INFOTH Note 19: Channel Coding Theorem for DMC 2

19.1 Proof of Channel Coding Theorem for DMC

We inherit the setup in Note 18.

The Setup

  • DMC: $p(y|x)$
  • Definition of capacity
  • Encoding and decoding maps, $((e_n,d_n),n\ge 1)$
  • Prob. of error: $\lambda_{i,n}=\Pr[d_n(\bold y^n)\ne i|\bold x^n=e_n(i)]$
    • Max: $\lambda_{\max,n}=\max_{i\in[2^{nR}]}\lambda_{i,n}$
    • Average: $P_e^{(n)}=\frac1{2^{nR}}\sum_{i=1}^{2^{nR}}\lambda_{i,n}$

Codebook Randomized

Although the channel encoding and decoding maps are fixed, we randomize the encoding map into a codebook where a behavior of ==coding of a message $m$ into $\bold x^n$ follows a probability==.

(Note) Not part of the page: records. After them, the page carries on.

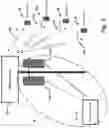 Fig. 05 - Cellular network that dynamically adjusts bandwidth and number of MIMO paths based on realized channel capacity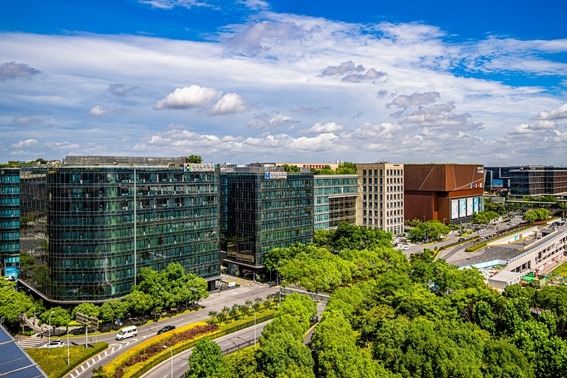 Shanghai Hongqiao CBD to woo more MNCs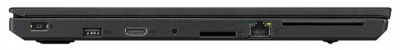  Lenovo ThinkPad T560 black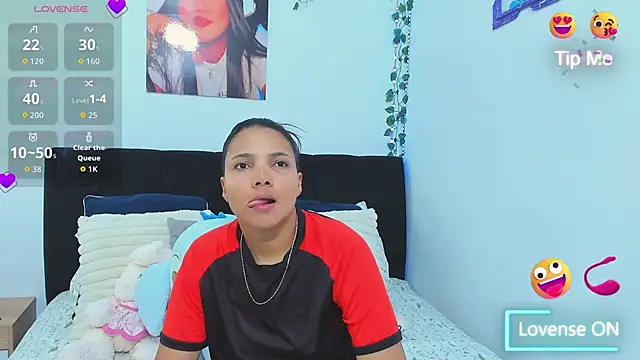 sara mendez2 online show from 11-26-25, 12:00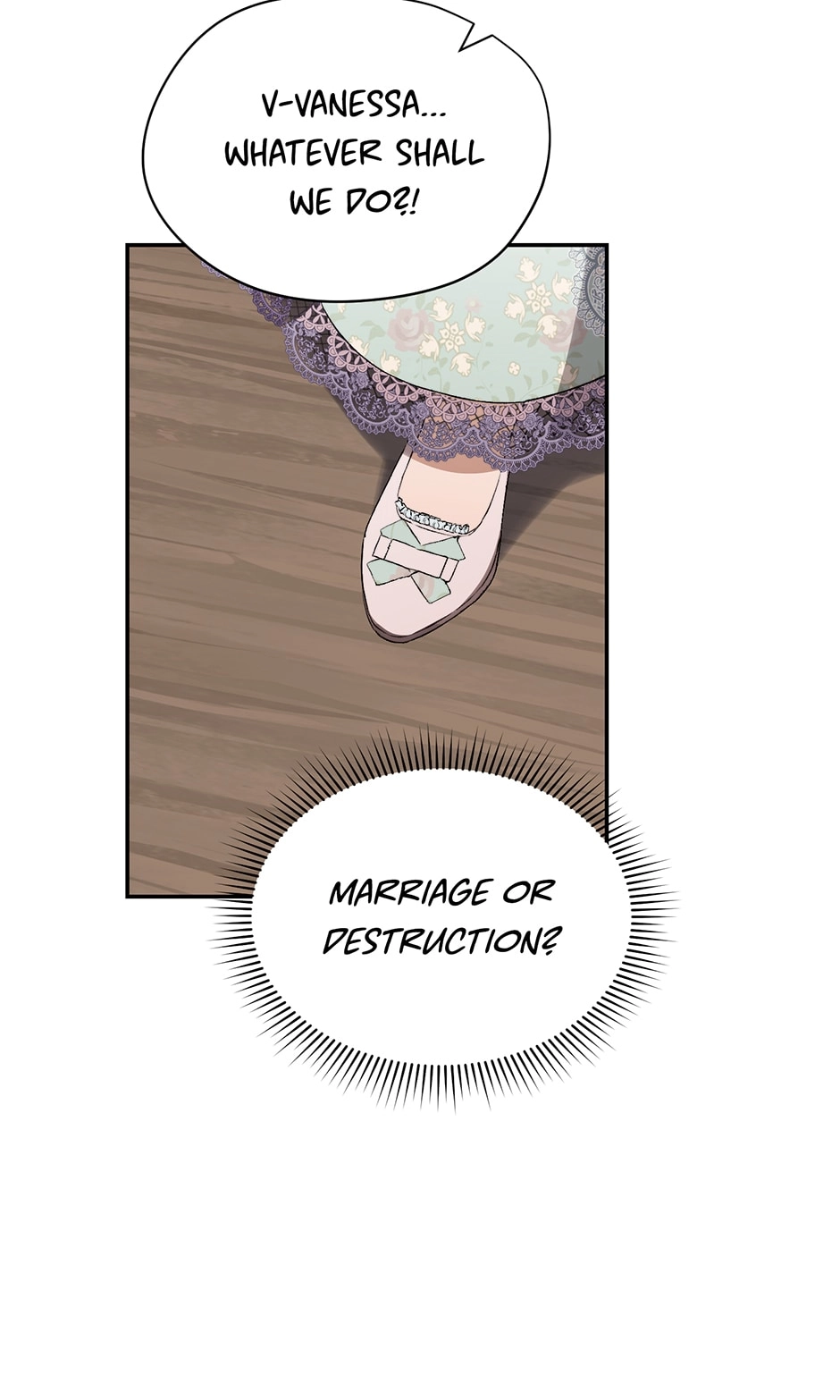 Read How to Satisfy the Devil chapter 5 image 25 on Lezhin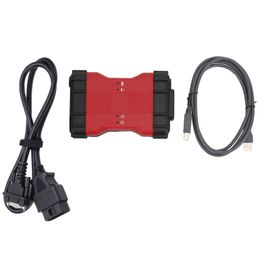 Scanner Dianostique 2 En 1 Pour Vcm Ii, Outil De Diagnostic Ids Multilingue, Remplacement Pour Ford V121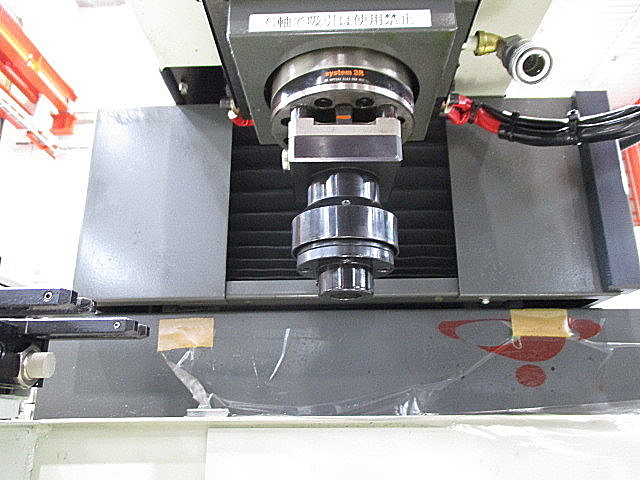 P004098 ＮＣ放電加工機 三菱電機 EA8M_8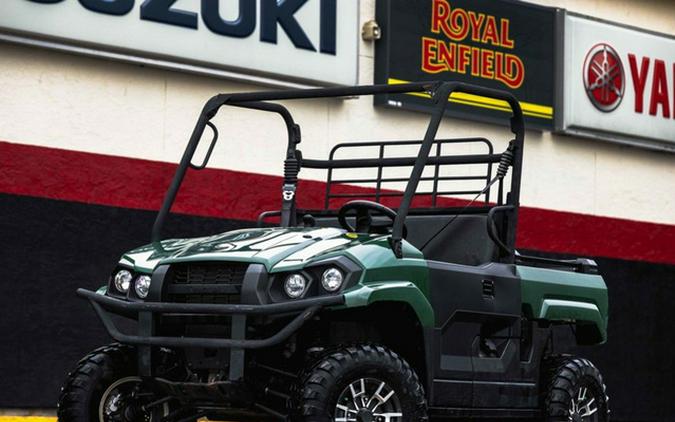 2024 Kawasaki Mule PRO-MX EPS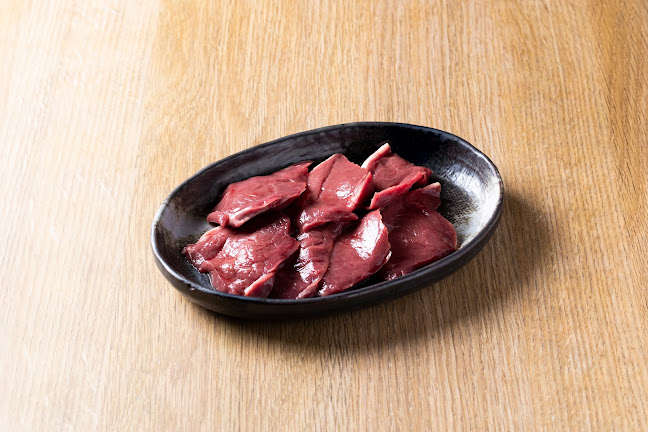 Opinii despre 焼肉Dining 牛若丸 南6条通り店 în 旭川市 - 飲食業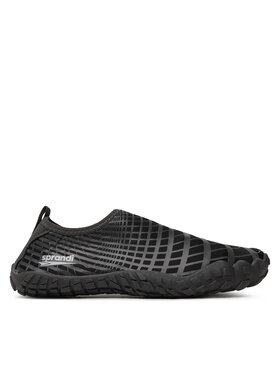 Sprandi Sprandi Scarpe basse WP80-22366 Nero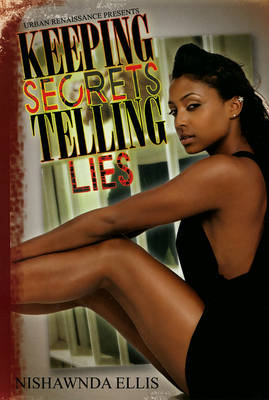 Keeping Secrets, Telling Lies (Paperback)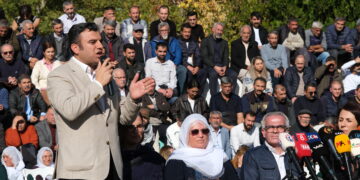 Omer Ocalan: Kurd xwedî li zimanê xwe derkevin dewlet neçare gavan biavêje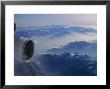 Aerial Over Alaskan Mountains by Kenneth Garrett Limited Edition Print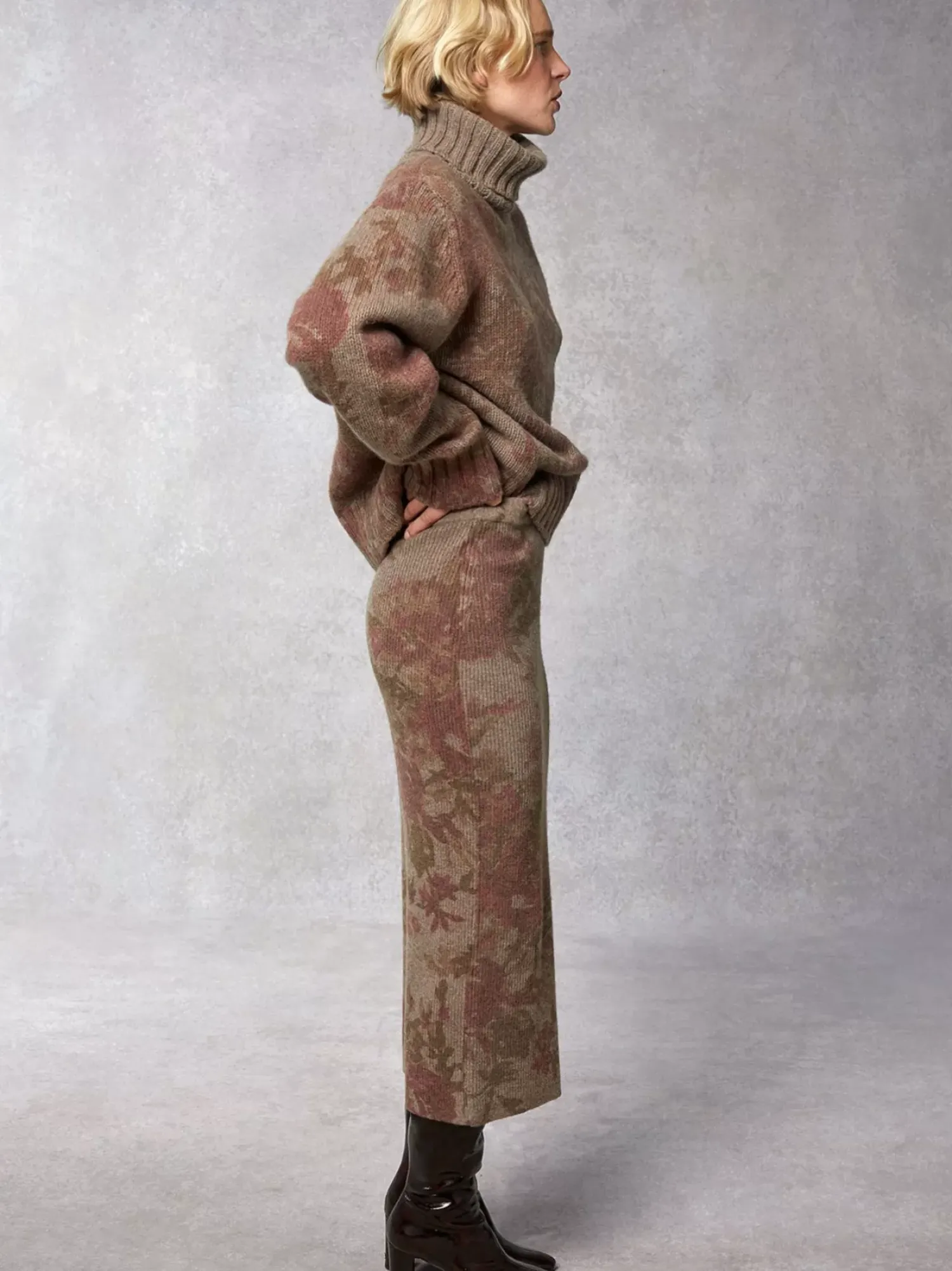 Rouje Juliette Skirt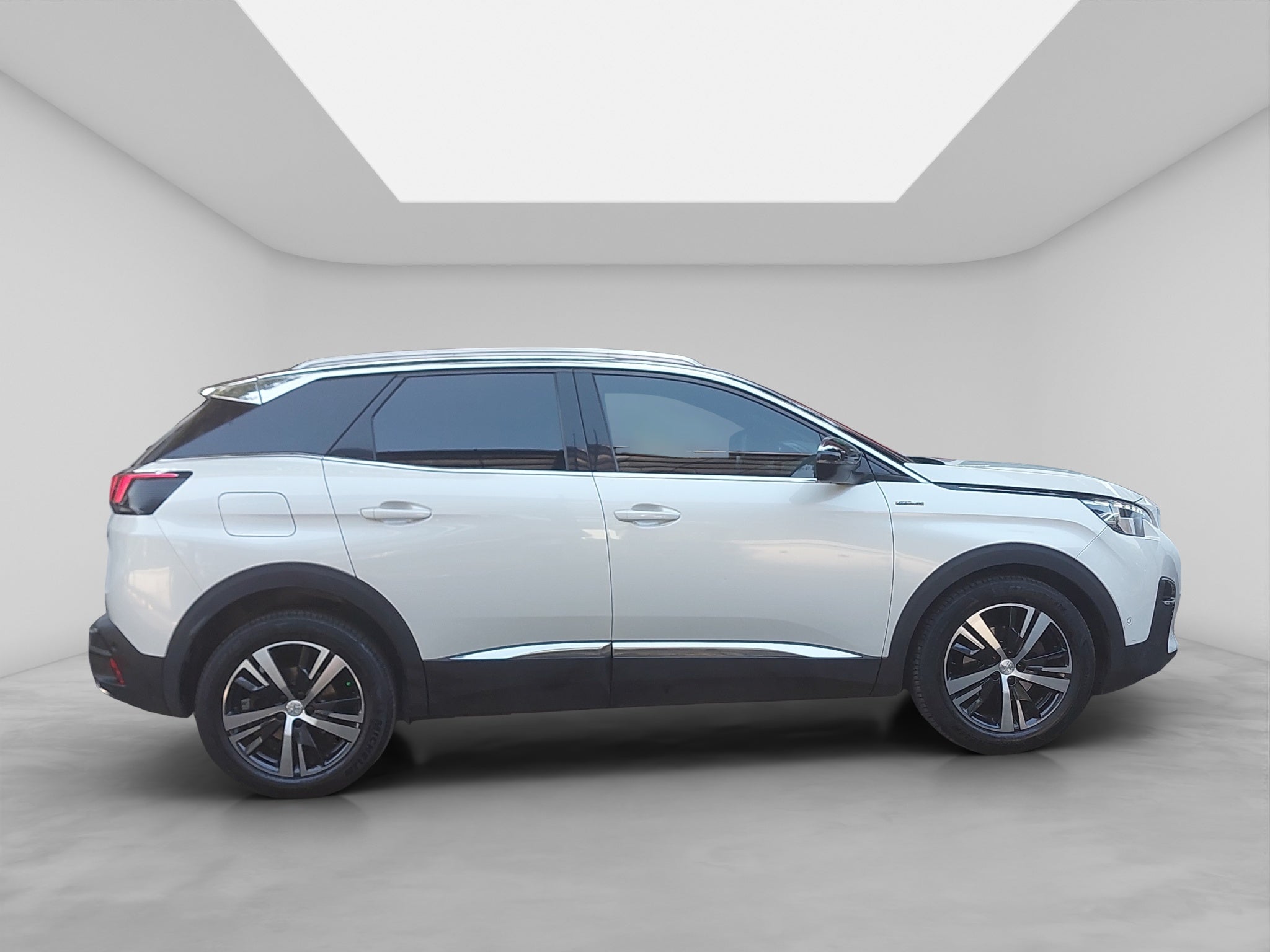 2020 Peugeot 3008 1.6 Gt Line At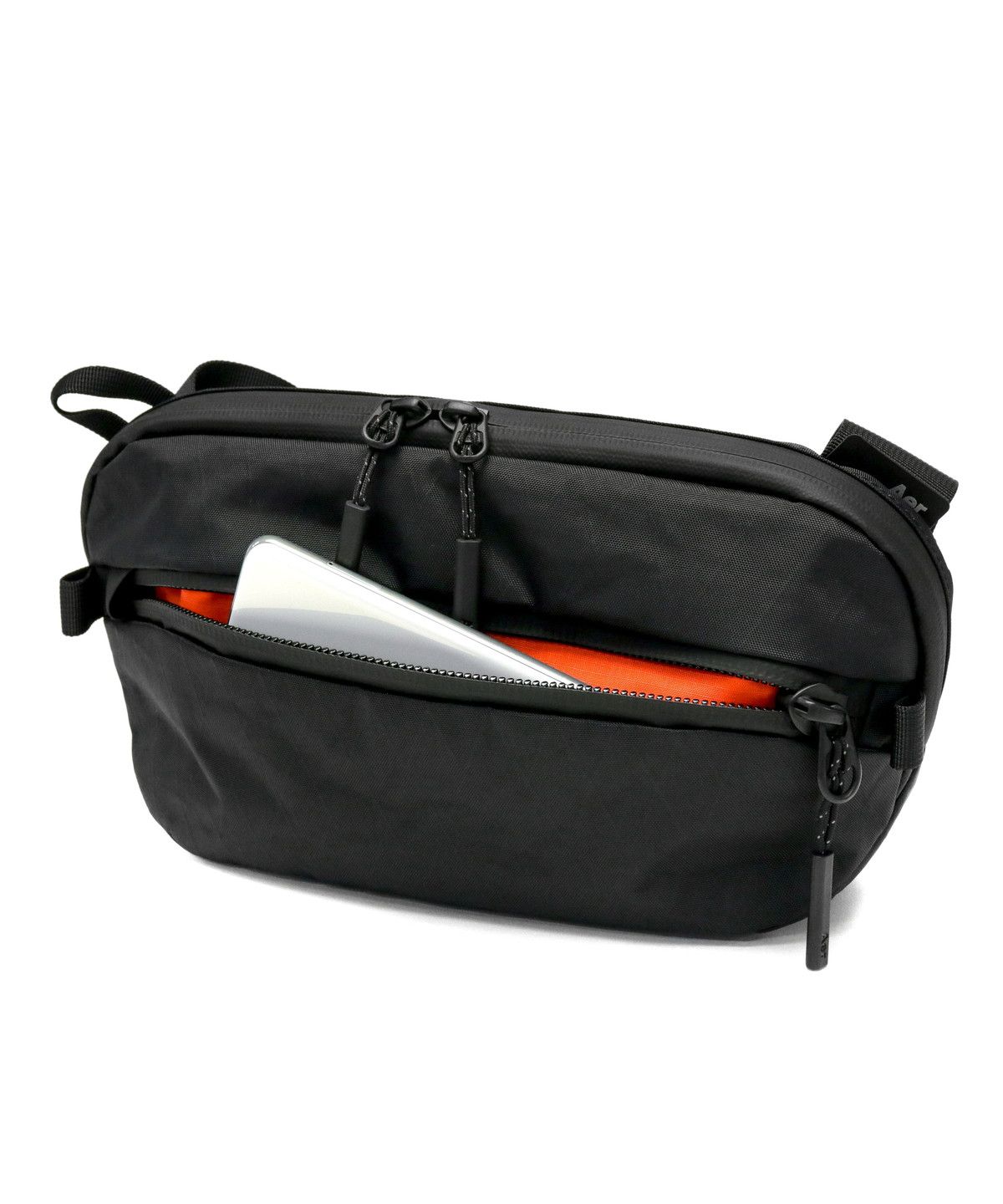 口コミ・レビュー評価が高いおすすめ人気商品の通販 エアー Day Collection Travel Aer ボディバッグ エアー Aer バッグ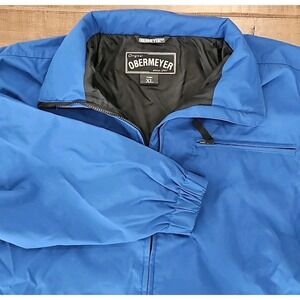 NEW Obermeyer Commotion Shell Discontinued Womens Ski Jacket XL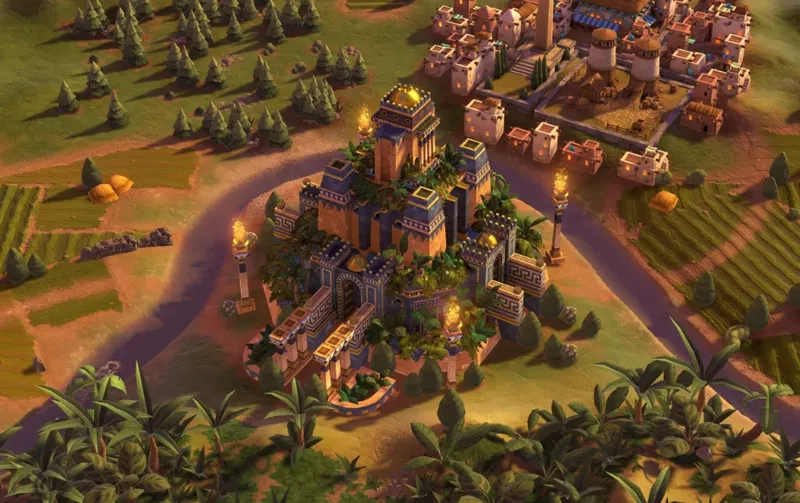 Sid Meier's Civilization VI (Anthology Edition) <span class="ext ext_Epic Store">Epic Store®️</span> <span class="ext ext_digital">digital</span> image 8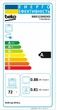 Духовой шкаф электрический Beko BBIE123002XD - изображение 7
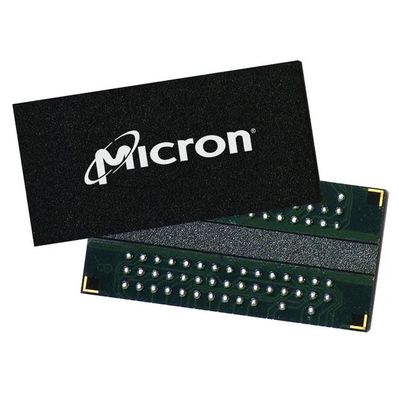 MT47H16M16BG-3IT: Circuito integrado CI Chip Dram 256mbit 84fbga paralelo de B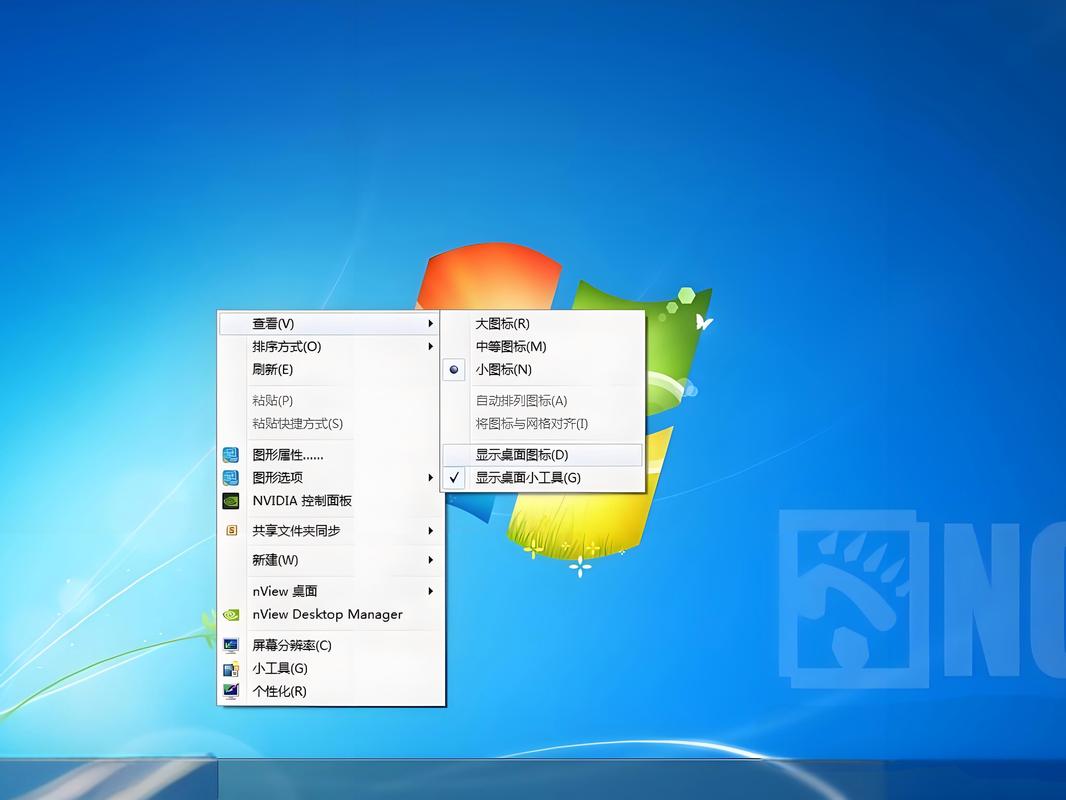 电脑不显示word图标 但是可以打开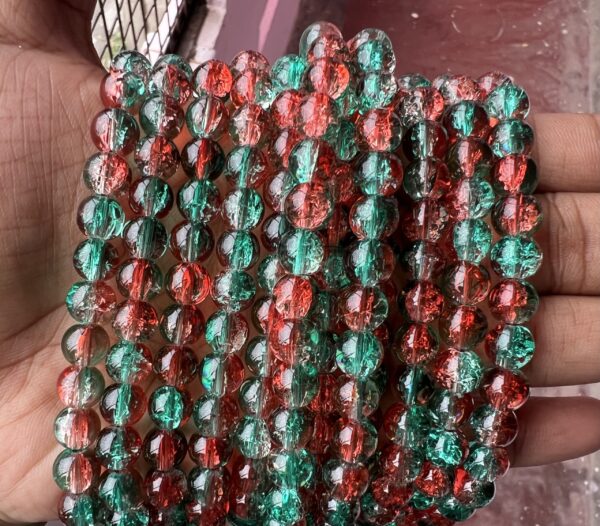 Crackle beads - Image 23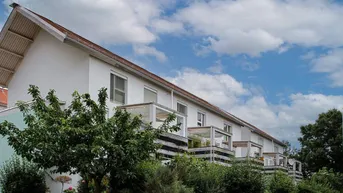 Expose Geförderte Mietwohnung in Weiz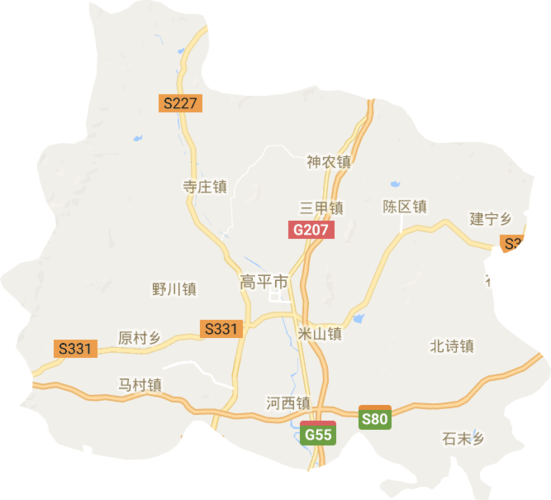 首页 中国 山西省 晋城市 高平市                          高平市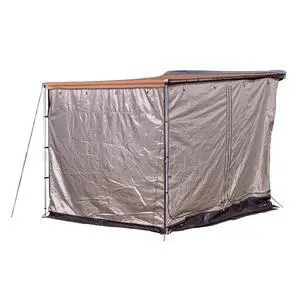 ARB 813208A Awning Room Accesory (Deluxe w/Floor 2000mm x 2500mm Heavy Duty) for ARB Awning 814409 2000x25000 ARB 813208A Awning Room Accesory (Deluxe w/Floor 2000mm x 2500mm Heavy Duty) for ARB Awning 814409 2000x25000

For the $p(x)$ distribution over $\mathcal X$, we build a codebook mapping every message $m\in[2^{nR}=M_n]$ to a sequence of length $n$. Every symbol of this sequence ($i$-th index) is a RV:

$$ \text{Codebook } \mathcal C=\begin{bmatrix} X_1(1)&X_2(1)&\cdots& X_n(1)\\ \vdots & \vdots & \ldots & \vdots \\ X_1(2^{nR}) & X_2(2^{nR}) & \cdots & X_n(2^{nR}) \end{bmatrix} $$

where $X_i(m)$ means if the message is $m$, what will be the $i$-th symbol like.

We suppose $X_i(m)\sim(p(x),x\in\mathcal X)$ for every $i$ and $m$, so that for every message the $\bold x^n$ has the same probability $p(\bold x^n)$, since we want to find $P_e^{(n)}$ where the prior of messages are $1\over 2^{nR}$.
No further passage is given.